With regard to the mechanisms behind MLT anticancer function in the oral cavity, the present data remain insufficient. Epidermoid carcinoma is one of the most frequent tumors of the oral cavity, with aggressive behavior. In patients with epidermoid carcinoma in whom the presence of the MT1 receptor has been studied through mRNA expression, MT1 has been shown to be diminished or non-existent. This is in contrast to what occurs in the normal epithelium of the oral cavity. It has been shown that in human cancers, including oral squamous cell carcinoma, DNA methylation of 5′-CpG islands (cytosine and guanine separated by phosphate) is a major cause of tumor-suppressor gene inactivity (52).

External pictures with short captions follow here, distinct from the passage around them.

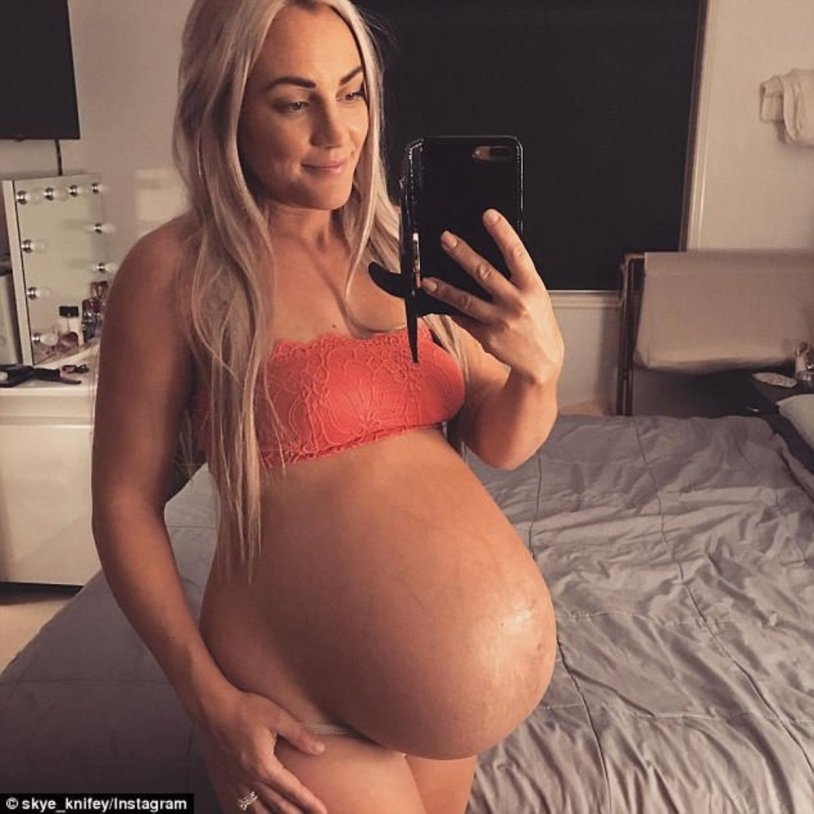 Mackenzie Star Pregnant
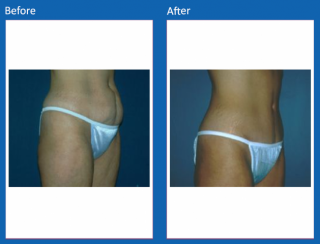 tummy-tuck-24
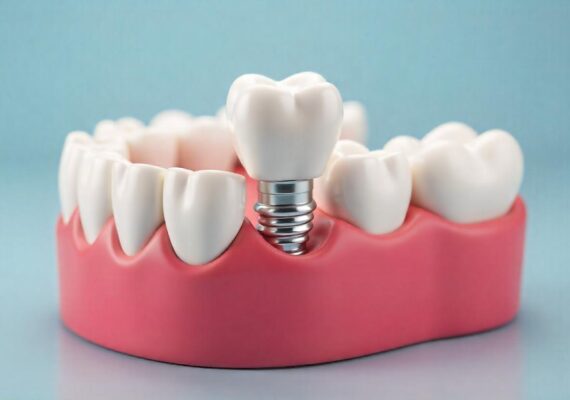 freepik__create-an-image-for-dental-implants__8550 freepik__create-an-image-for-dental-implants__8550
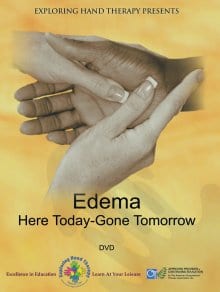 Edema Management:  Here Today, Gone Tomorrow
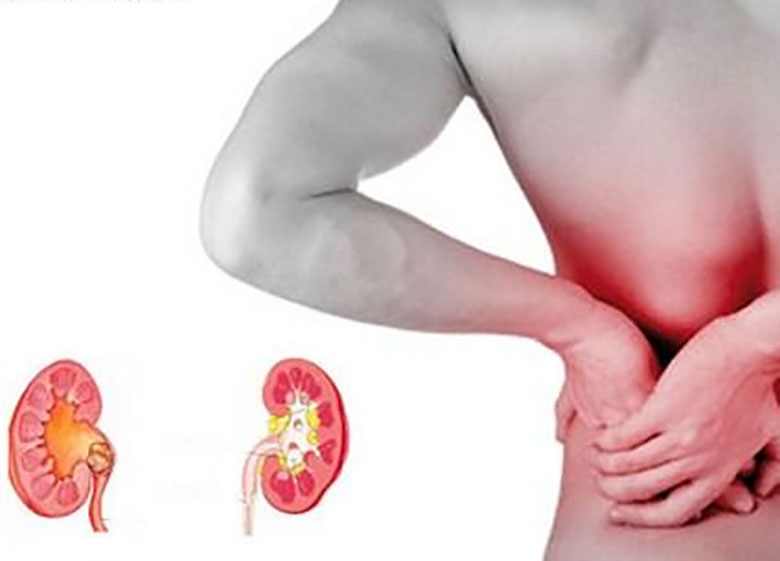 چرا ایرانیان سنگ کلیه میگیرند؟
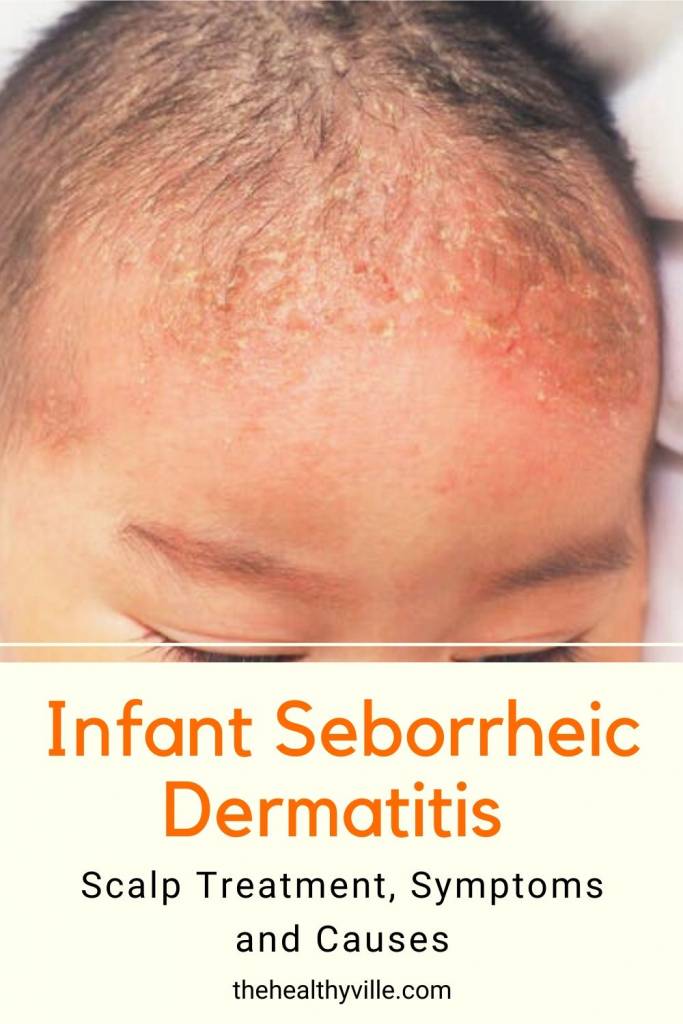 Infant Seborrheic Dermatitis Scalp Treatment, Symptoms and Causes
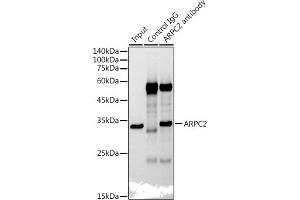 Immunoprecipitation analysis of 300 μg extracts of HepG2 cells using 3 μg  antibody (ABIN7265385). (ARPC2 抗体)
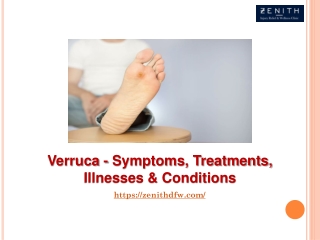 Verruca - Symptoms, Treatments, Illnesses & Conditions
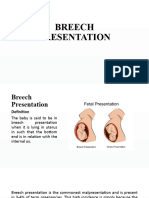 Breech Presentation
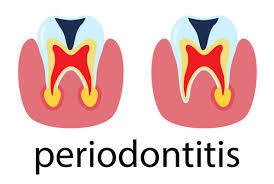 Periodontics Treatment in Maharani Bagh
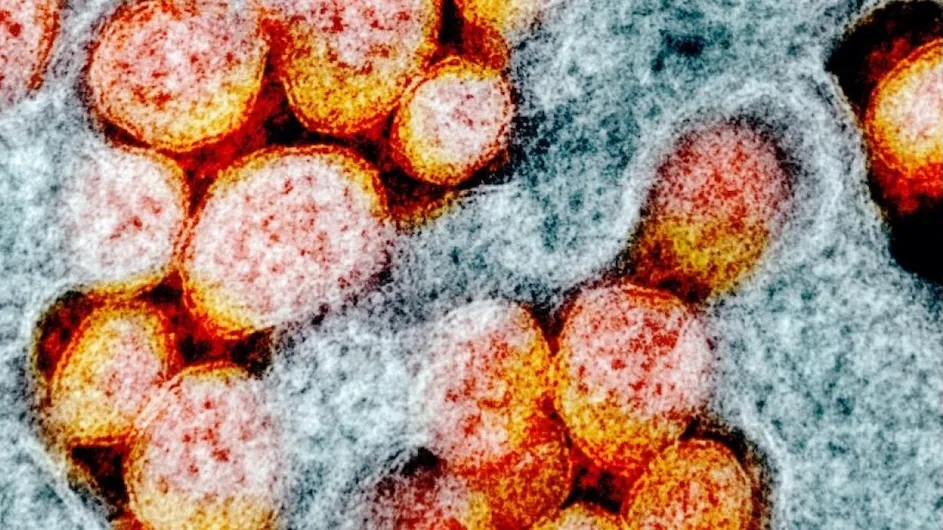 The SARS-CoV-2 virus under a microscope.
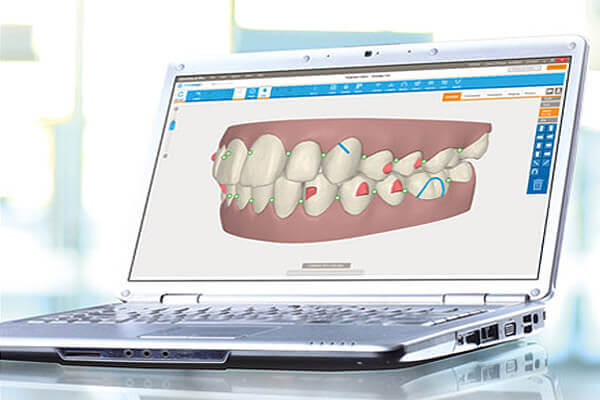 Invisalign Clincheck Pro software displayed on a laptop. 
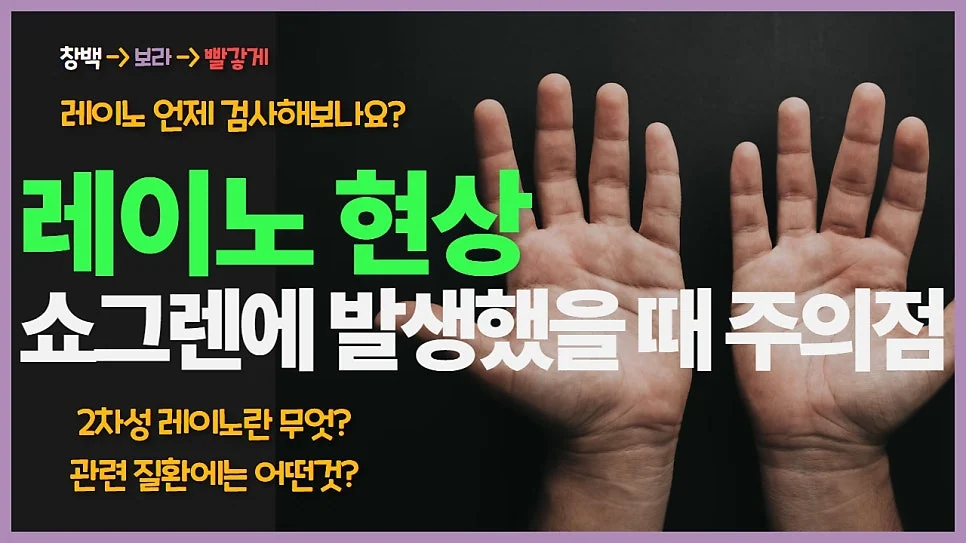 레이노 증후군과 쇼그렌증후군 #1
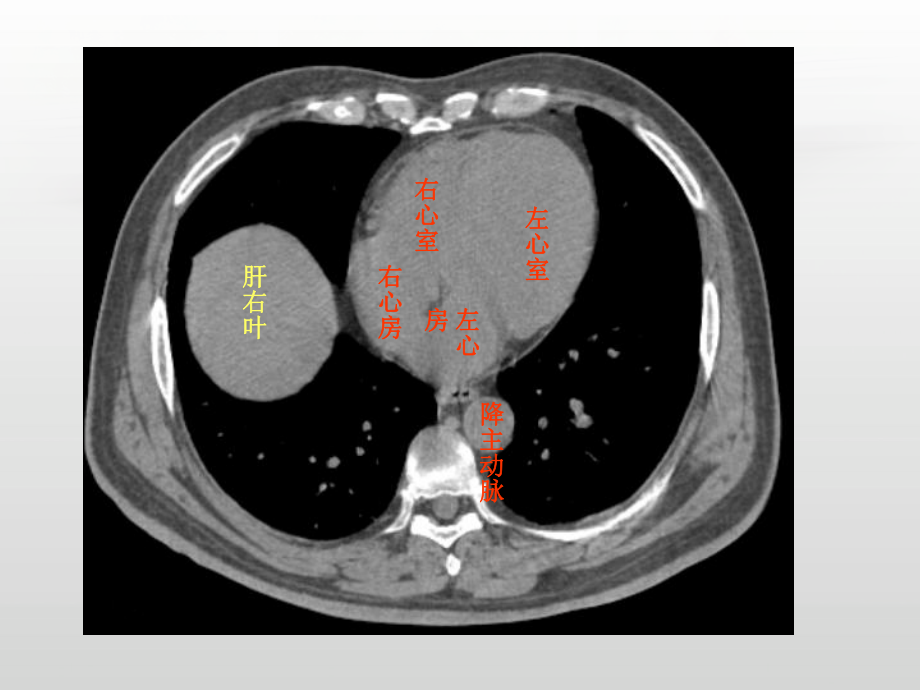 腹部影像解剖（放射科）-课件.ppt_第2页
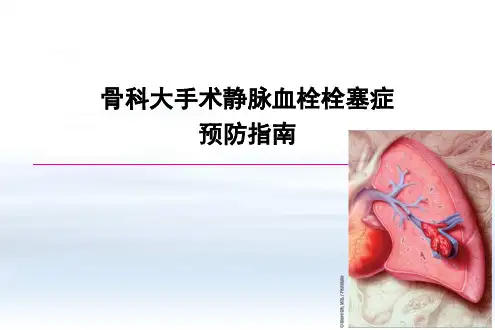 静脉血栓栓塞症预防指南PPT课件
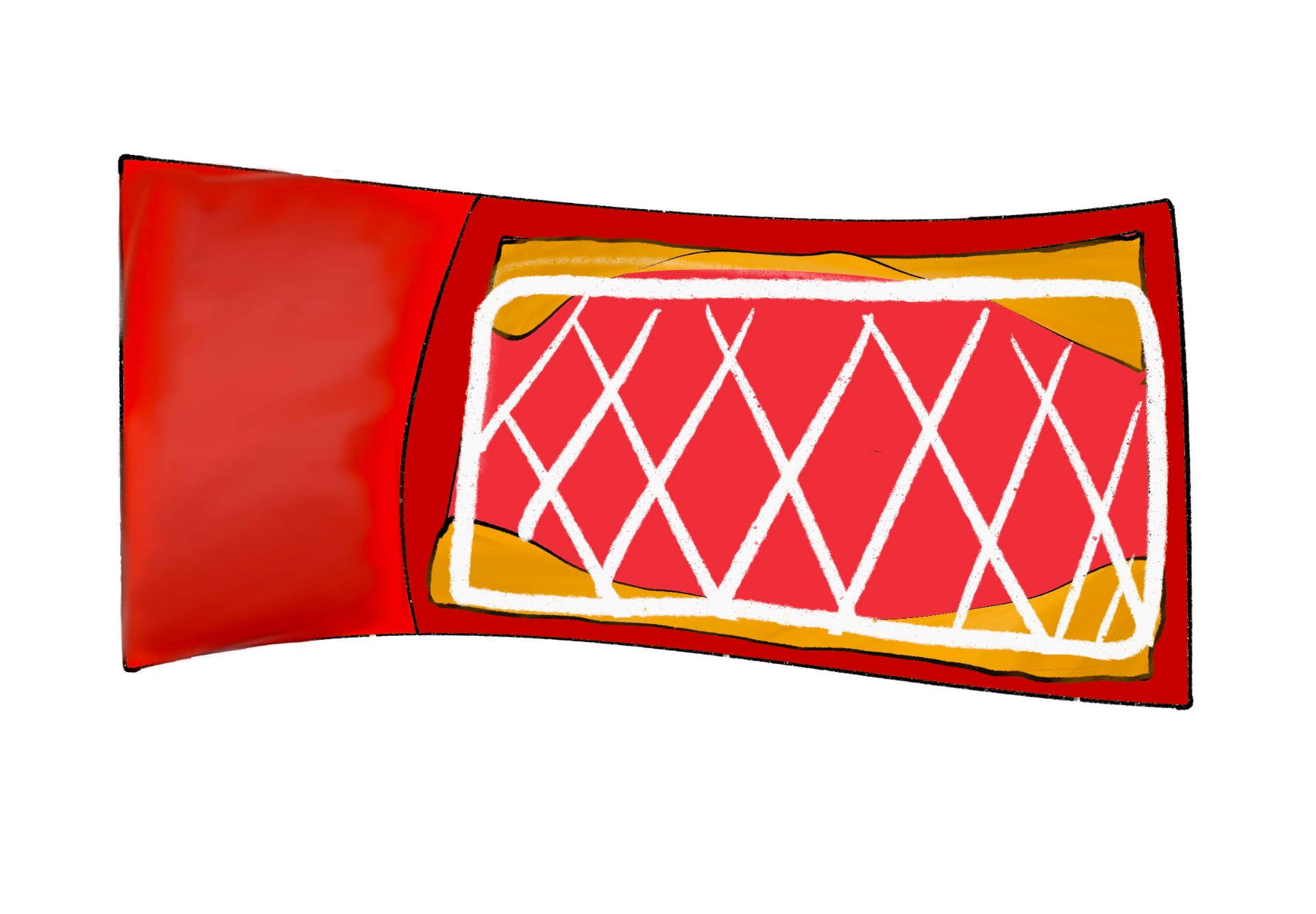 Fellow's close-up drawing of a mesh stent expanded inside a narrowed artery with plaque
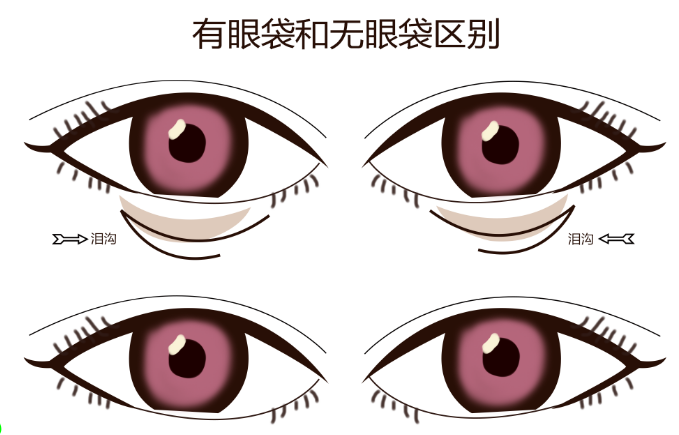 去眼袋手术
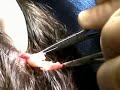 Pilar Cyst Treatment Remove From Head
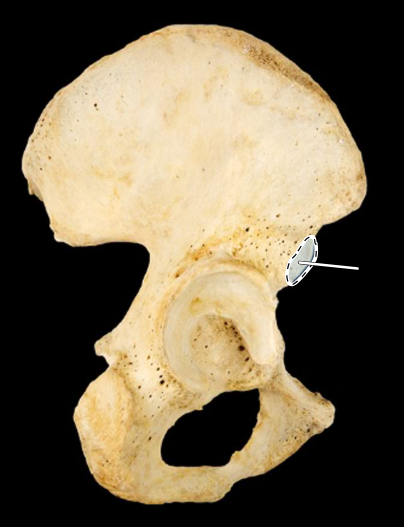 <p>Hip bone, lateral view, right ilium</p>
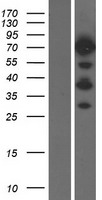 CD2AP Human Over-expression Lysates NM_012120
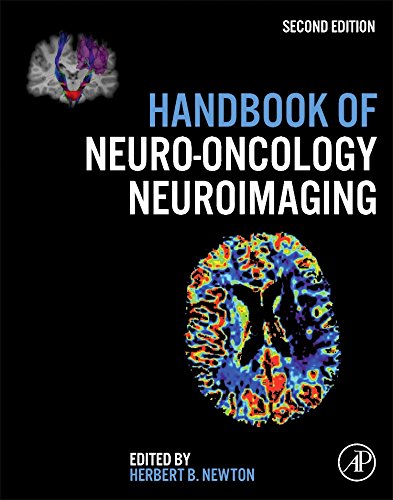 Handbook of Neuro-Oncology Neuroimaging 2016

In these tumors, there is an inverse correlation between MT1 receptor expression and DNA methylation. By contrast, the absence of immunoreactive MT1 is associated significantly with a greater tumor size and poorer survival prognosis. In a previous study, restoration of the exogenous MT1 receptor was found to inhibit the growth of epidermoid cells lacking the expression of this receptor (53). In this respect, it has been hypothesized that MTNR1A is a likely target for epigenetic silencing at the homozygously deleted region at 4q35, detected in these tumors (53). In precancerous oral diseases, including leukoplakia and lichen planus, reactive oxygen species are also involved in pathogenesis (54,55). MLT may protect against these pathologies due to its antioxidant properties. However, further studies are required to assess the efficacy of MLT treatment for these cases (56). MLT may be useful to treat diseases of the oral cavity in patients with low concentrations of the hormone, but not where the tissues express MT1 and 2 receptors (57).

4. Conclusion

In summary, the role of MLT in carcinogenic processes is being increasingly studied. However, information concerning the involvement of MLT in tumors of the oral cavity is preliminary. The role of MLT, the MT1, 2 and 3 receptors and the RZR nuclear receptors requires further investigation.